Issue #28561: Clean up UTF-8 encoder: remove dead code, update comments, etc.

Patch by Xiang Zhang.
author: Serhiy Storchaka <storchaka@gmail.com> 2016-10-30 16:25:27 (GMT)
committer: Serhiy Storchaka <storchaka@gmail.com> 2016-10-30 16:25:27 (GMT)
commit: 998c9cdd423409e2b40e02eb41614536f9d8005c (patch)
tree: 920f71e54681e719bfb9187052d26db97267e9c5 /Objects/stringlib
parent: b7d14a09c245f1e78911208b7f65bd09d7c03f2c (diff)
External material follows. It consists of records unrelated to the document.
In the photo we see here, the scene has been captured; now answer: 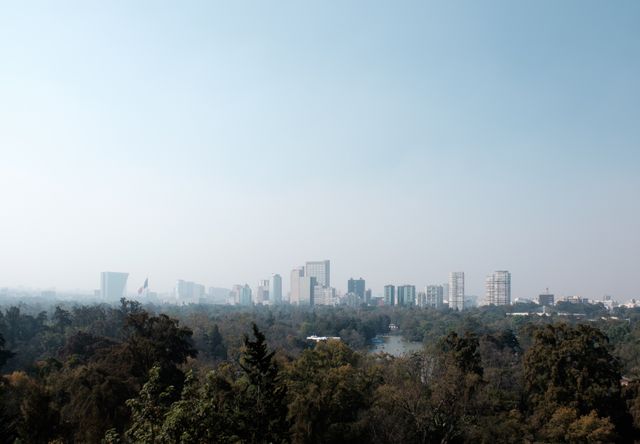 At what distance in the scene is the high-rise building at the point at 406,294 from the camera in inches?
6255

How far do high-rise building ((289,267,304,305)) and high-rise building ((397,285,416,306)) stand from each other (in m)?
31.5

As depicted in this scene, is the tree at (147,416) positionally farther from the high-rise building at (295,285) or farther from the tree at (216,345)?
the high-rise building at (295,285)

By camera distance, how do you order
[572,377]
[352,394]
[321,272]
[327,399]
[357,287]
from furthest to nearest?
[321,272]
[357,287]
[572,377]
[352,394]
[327,399]

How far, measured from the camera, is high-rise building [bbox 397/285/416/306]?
15888 cm

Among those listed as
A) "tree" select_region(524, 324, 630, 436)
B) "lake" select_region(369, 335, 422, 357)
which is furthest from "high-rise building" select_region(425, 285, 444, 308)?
"tree" select_region(524, 324, 630, 436)

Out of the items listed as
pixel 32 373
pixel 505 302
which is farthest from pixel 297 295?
pixel 32 373

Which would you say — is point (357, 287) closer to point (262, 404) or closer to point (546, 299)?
point (546, 299)

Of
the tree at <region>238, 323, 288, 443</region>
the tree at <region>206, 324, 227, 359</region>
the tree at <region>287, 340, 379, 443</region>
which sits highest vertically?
the tree at <region>238, 323, 288, 443</region>

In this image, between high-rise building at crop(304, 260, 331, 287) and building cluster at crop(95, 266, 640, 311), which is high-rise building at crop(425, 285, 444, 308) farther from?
high-rise building at crop(304, 260, 331, 287)

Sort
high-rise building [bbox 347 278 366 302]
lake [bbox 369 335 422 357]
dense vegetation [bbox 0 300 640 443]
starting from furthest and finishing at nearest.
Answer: high-rise building [bbox 347 278 366 302] → lake [bbox 369 335 422 357] → dense vegetation [bbox 0 300 640 443]

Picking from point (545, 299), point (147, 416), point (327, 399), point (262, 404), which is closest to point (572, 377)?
point (327, 399)

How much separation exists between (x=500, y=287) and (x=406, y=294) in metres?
24.8

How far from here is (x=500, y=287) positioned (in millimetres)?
151000

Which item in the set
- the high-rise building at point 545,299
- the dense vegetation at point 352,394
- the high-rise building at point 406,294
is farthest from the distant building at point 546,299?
the dense vegetation at point 352,394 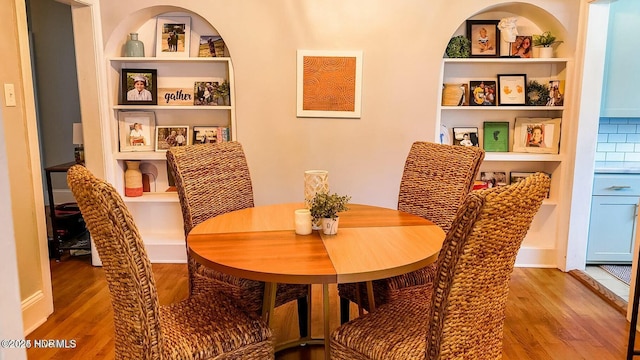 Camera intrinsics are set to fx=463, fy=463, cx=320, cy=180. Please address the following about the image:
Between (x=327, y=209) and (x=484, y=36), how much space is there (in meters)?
2.47

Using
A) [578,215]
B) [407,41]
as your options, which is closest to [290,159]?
[407,41]

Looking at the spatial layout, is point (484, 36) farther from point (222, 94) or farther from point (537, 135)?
point (222, 94)

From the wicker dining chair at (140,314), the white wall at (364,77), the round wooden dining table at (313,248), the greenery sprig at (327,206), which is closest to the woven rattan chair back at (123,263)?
the wicker dining chair at (140,314)

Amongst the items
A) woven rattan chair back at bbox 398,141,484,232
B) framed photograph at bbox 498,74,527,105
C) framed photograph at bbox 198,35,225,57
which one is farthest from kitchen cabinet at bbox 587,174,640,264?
framed photograph at bbox 198,35,225,57

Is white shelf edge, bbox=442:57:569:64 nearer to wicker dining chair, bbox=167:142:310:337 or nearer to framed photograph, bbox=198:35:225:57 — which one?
framed photograph, bbox=198:35:225:57

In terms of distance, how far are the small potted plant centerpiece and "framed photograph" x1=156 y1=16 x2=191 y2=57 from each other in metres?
2.24

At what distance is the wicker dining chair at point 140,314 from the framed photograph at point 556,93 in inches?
114

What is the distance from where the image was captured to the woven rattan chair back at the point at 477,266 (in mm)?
1159

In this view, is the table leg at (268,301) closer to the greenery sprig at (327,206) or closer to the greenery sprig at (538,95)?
the greenery sprig at (327,206)

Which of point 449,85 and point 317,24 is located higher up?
point 317,24

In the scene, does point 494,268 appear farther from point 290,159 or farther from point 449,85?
point 449,85

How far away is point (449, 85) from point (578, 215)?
1.36m

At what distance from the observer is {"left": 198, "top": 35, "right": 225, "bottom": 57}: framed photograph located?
11.5 feet

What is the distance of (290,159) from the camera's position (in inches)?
137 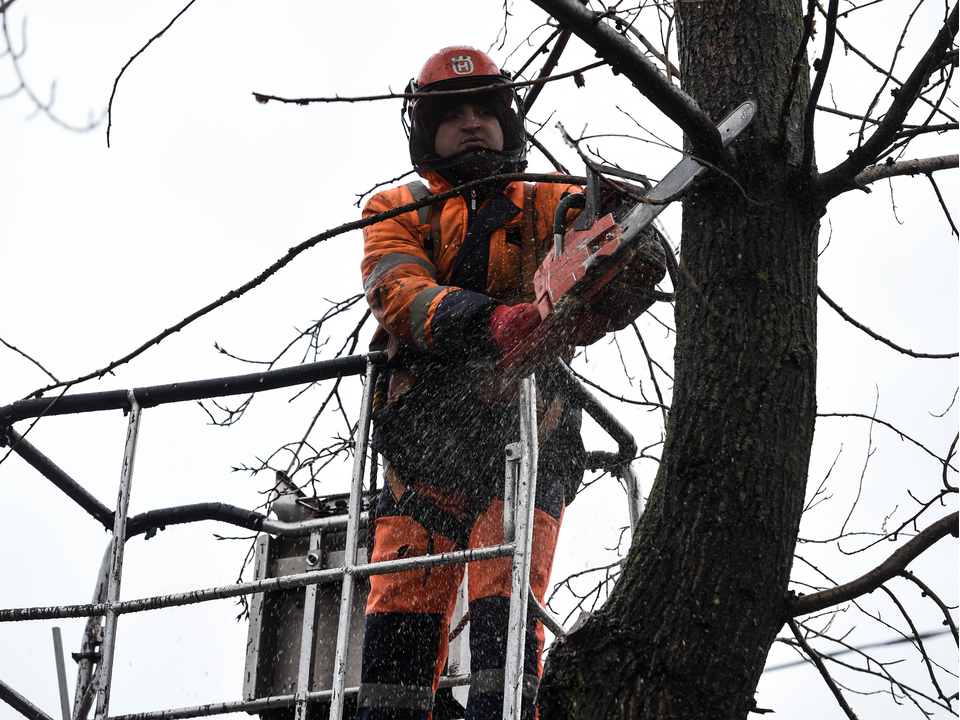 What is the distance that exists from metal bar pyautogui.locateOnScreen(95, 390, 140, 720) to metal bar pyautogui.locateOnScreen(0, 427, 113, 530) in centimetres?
64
download: cpython-998c9cdd423409e2b40e02eb41614536f9d8005c.zip
cpython-998c9cdd423409e2b40e02eb41614536f9d8005c.tar.gz
cpython-998c9cdd423409e2b40e02eb41614536f9d8005c.tar.bz2
1 files changed, 4 insertions, 10 deletions
diff --git a/Objects/stringlib/codecs.h b/Objects/stringlib/codecs.h
index a9d0a34..43f2f32 100644
--- a/Objects/stringlib/codecs.h
+++ b/Objects/stringlib/codecs.h
@@ -262,9 +262,7 @@ STRINGLIB(utf8_encoder)(PyObject *unicode,
                         Py_ssize_t size,
                         const char *errors)
 {
-#define MAX_SHORT_UNICHARS 300  /* largest size we'll do on the stack */
-
-    Py_ssize_t i;                /* index into s of next input byte */
+    Py_ssize_t i;                /* index into data of next input character */
     char *p;                     /* next free byte in output buffer */
 #if STRINGLIB_SIZEOF_CHAR > 1
     PyObject *error_handler_obj = NULL;
@@ -389,7 +387,7 @@ STRINGLIB(utf8_encoder)(PyObject *unicode,
                     goto error;
 
                 /* subtract preallocated bytes */
-                writer.min_size -= max_char_size;
+                writer.min_size -= max_char_size * (newpos - startpos);
 
                 if (PyBytes_Check(rep)) {
                     p = _PyBytesWriter_WriteBytes(&writer, p,
@@ -402,14 +400,12 @@ STRINGLIB(utf8_encoder)(PyObject *unicode,
                         goto error;
 
                     if (!PyUnicode_IS_ASCII(rep)) {
-                        raise_encode_exception(&exc, "utf-8",
-                                               unicode,
-                                               i-1, i,
+                        raise_encode_exception(&exc, "utf-8", unicode,
+                                               startpos, endpos,
                                                "surrogates not allowed");
                         goto error;
                     }
 
-                    assert(PyUnicode_KIND(rep) == PyUnicode_1BYTE_KIND);
                     p = _PyBytesWriter_WriteBytes(&writer, p,
                                                   PyUnicode_DATA(rep),
                                                   PyUnicode_GET_LENGTH(rep));
@@ -463,8 +459,6 @@ STRINGLIB(utf8_encoder)(PyObject *unicode,
     _PyBytesWriter_Dealloc(&writer);
     return NULL;
 #endif
-
-#undef MAX_SHORT_UNICHARS
 }
 
 /* The pattern for constructing UCS2-repeated masks. */
author	Serhiy Storchaka <storchaka@gmail.com>	2016-10-30 16:25:27 (GMT)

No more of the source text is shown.